[Data to examine — start]

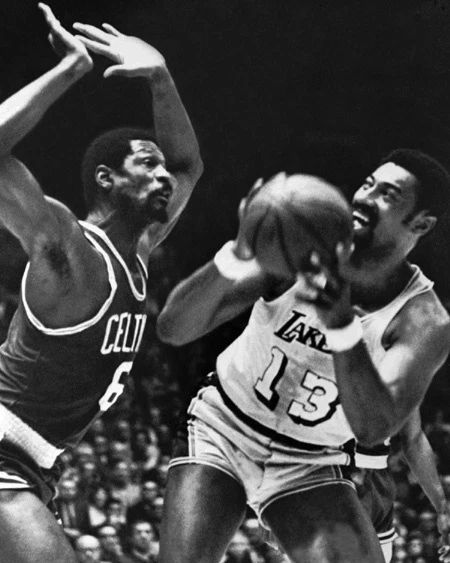 WILT CHAMBERLAIN 和 BILL RUSSELL 光面 8 x 10 名人堂照片印刷品 — 第 1/1 张图片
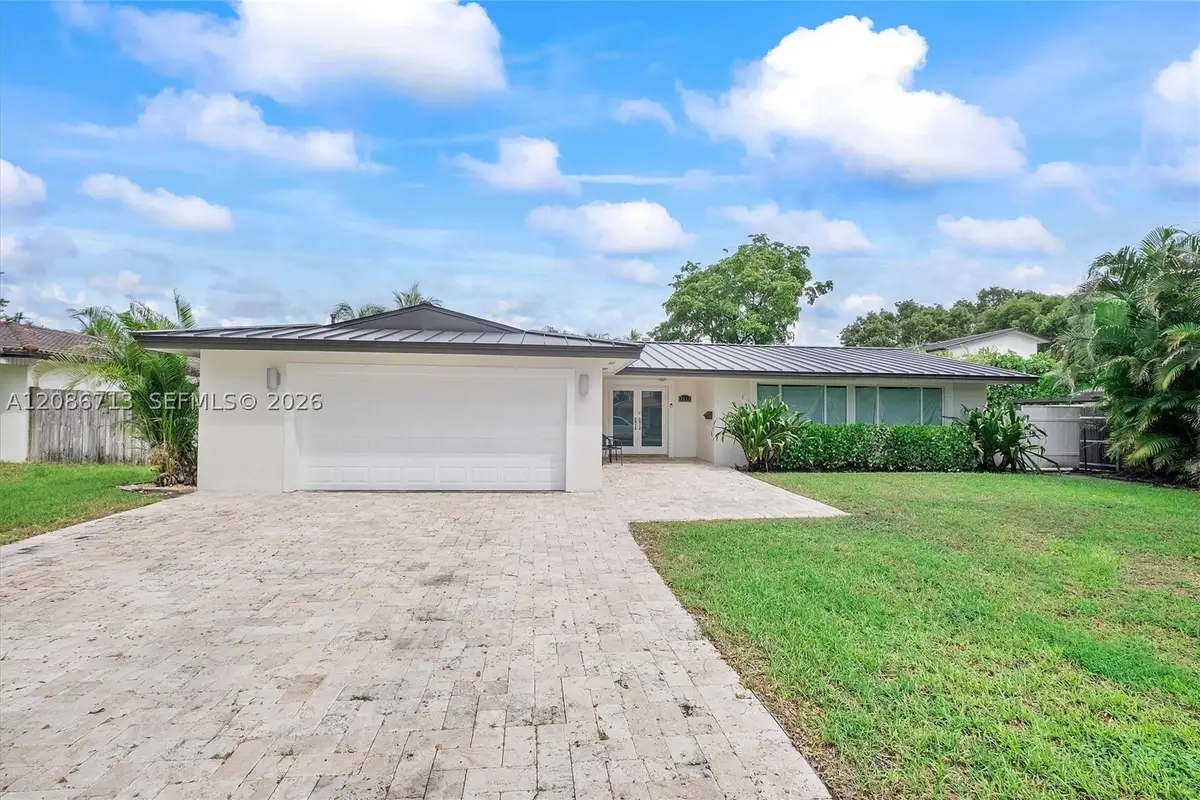 7111 Bamboo St, Miami Lakes, FL 33014 - #1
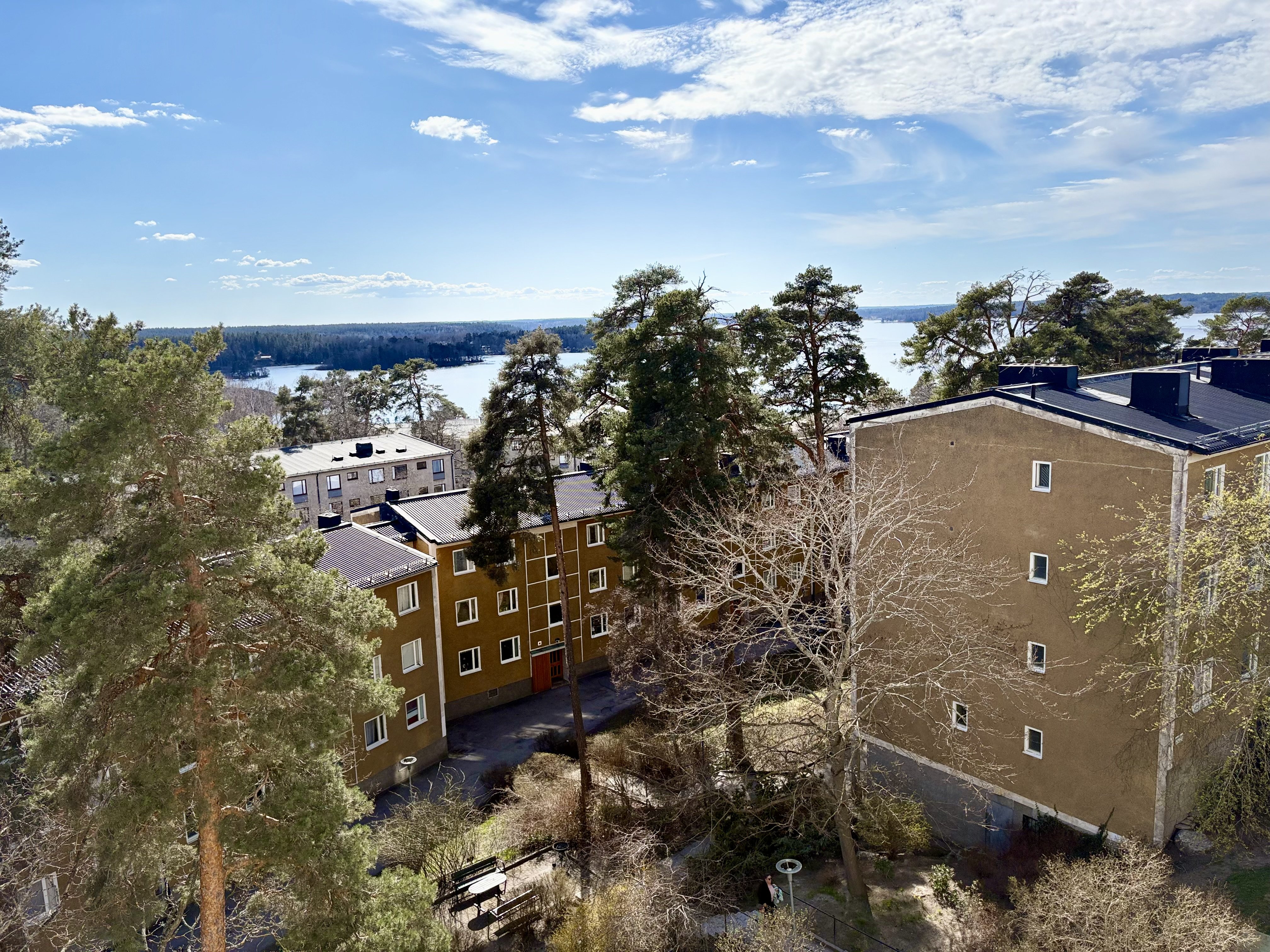 Spiralbacken, Hässelby — photo 3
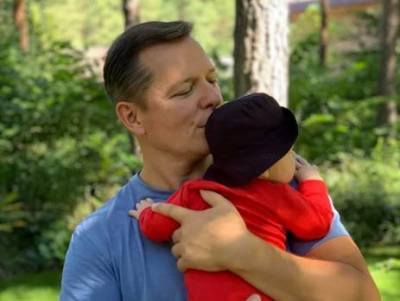 Ляшко впервые показал лицо своего трехмесячного сына: трогательное видео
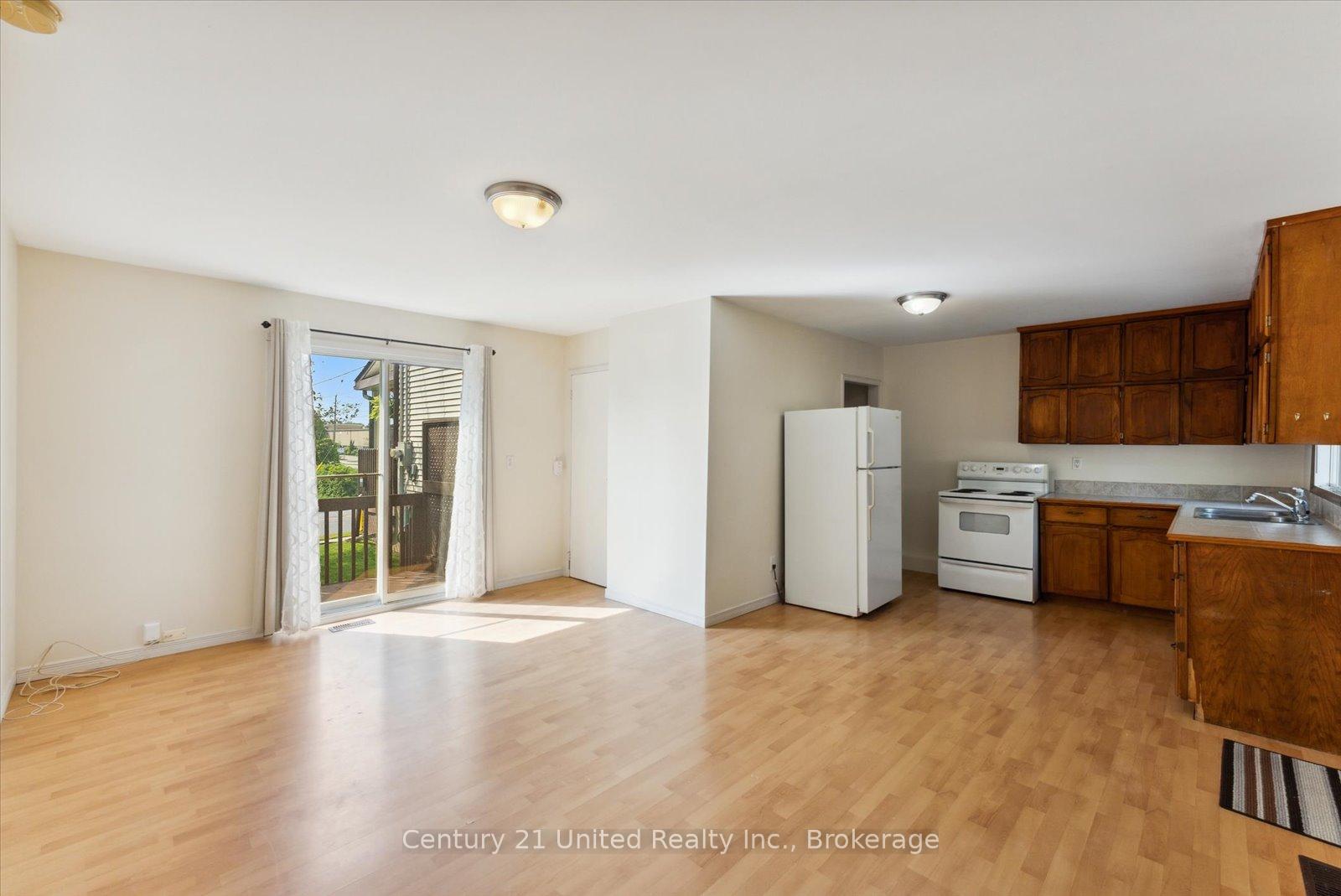 Photo 10 of Unit B, 556 Edison Avenue, Peterborough, Otonabee Ward 1 — HOMEH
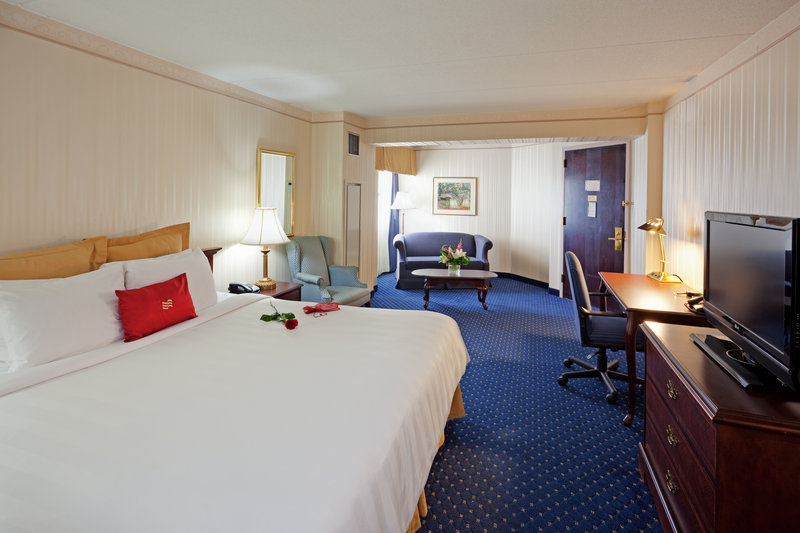 Crowne Plaza NASHUA - Nashua, NH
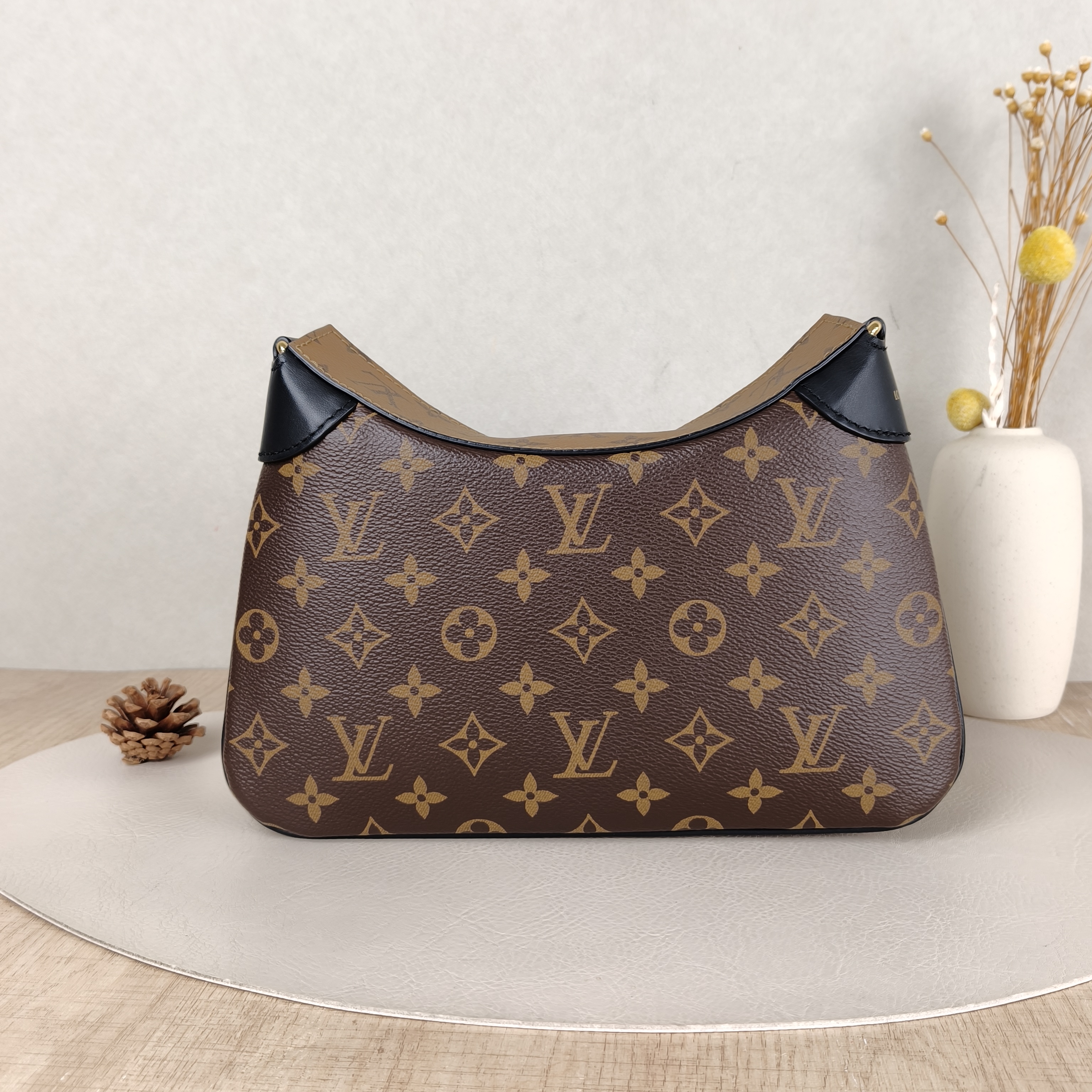 Louis Vuitton Crossbody Bag Twinny Monogram PVC One Size29 × 9 × 19 cm — cover view 2 of 5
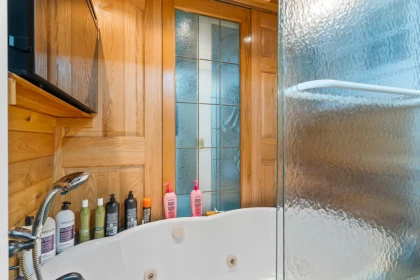 Primary Bathroom Photo of 1867 Salisbury Avenue, Port Coquitlam, BC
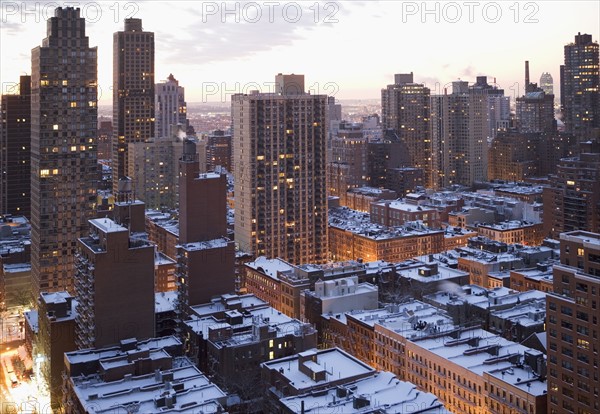 USA, View of New York City covered with snow . Photo : fotog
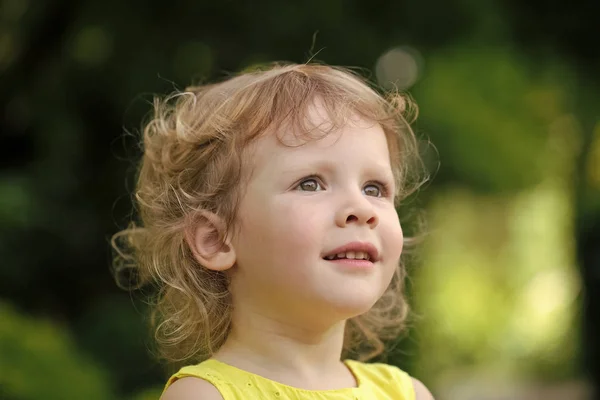 Niño con el pelo rubio rizado en el paisaje natural — Foto de Stock
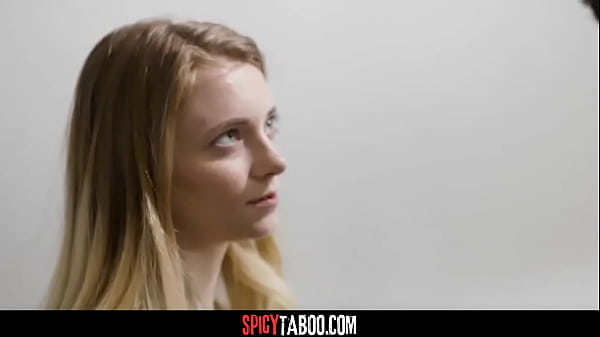 Stepdaughter let her stepdad fuck her pussy just to make him feel better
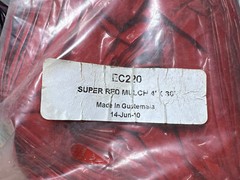 NEW – Super Red Mulch – 30’ Foot Long by 4’ Foot Wide – Red Promotes Flowering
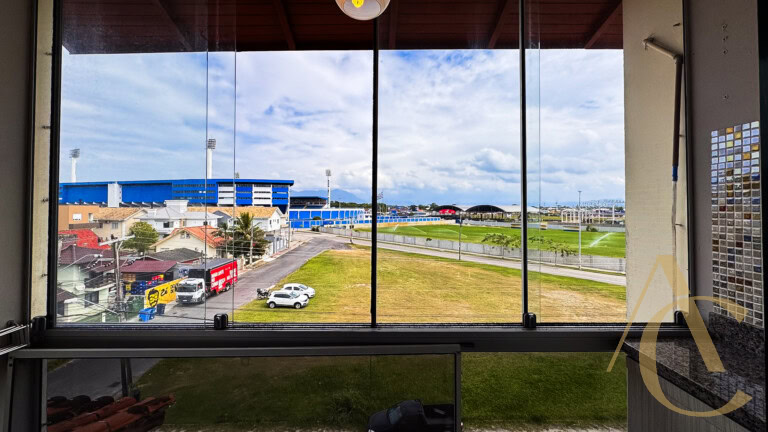 Apartamento para alugar – 2 quartos – Carianos – Florianópolis/SC.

[Data to examine — finish]

> **Task description**
Without including any pictures, copy every line above exactly.

> **Answer to the problem**
 WILT CHAMBERLAIN 和 BILL RUSSELL 光面 8 x 10 名人堂照片印刷品 — 第 1/1 张图片
 7111 Bamboo St, Miami Lakes, FL 33014 - #1
 Spiralbacken, Hässelby — photo 3
 Ляшко впервые показал лицо своего трехмесячного сына: трогательное видео
 Photo 10 of Unit B, 556 Edison Avenue, Peterborough, Otonabee Ward 1 — HOMEH
 Crowne Plaza NASHUA - Nashua, NH
 Louis Vuitton Crossbody Bag Twinny Monogram PVC One Size29 × 9 × 19 cm — cover view 2 of 5
 Primary Bathroom Photo of 1867 Salisbury Avenue, Port Coquitlam, BC
 USA, View of New York City covered with snow . Photo : fotog
 Niño con el pelo rubio rizado en el paisaje natural — Foto de Stock
 Stepdaughter let her stepdad fuck her pussy just to make him feel better
 NEW – Super Red Mulch – 30’ Foot Long by 4’ Foot Wide – Red Promotes Flowering
 Apartamento para alugar – 2 quartos – Carianos – Florianópolis/SC.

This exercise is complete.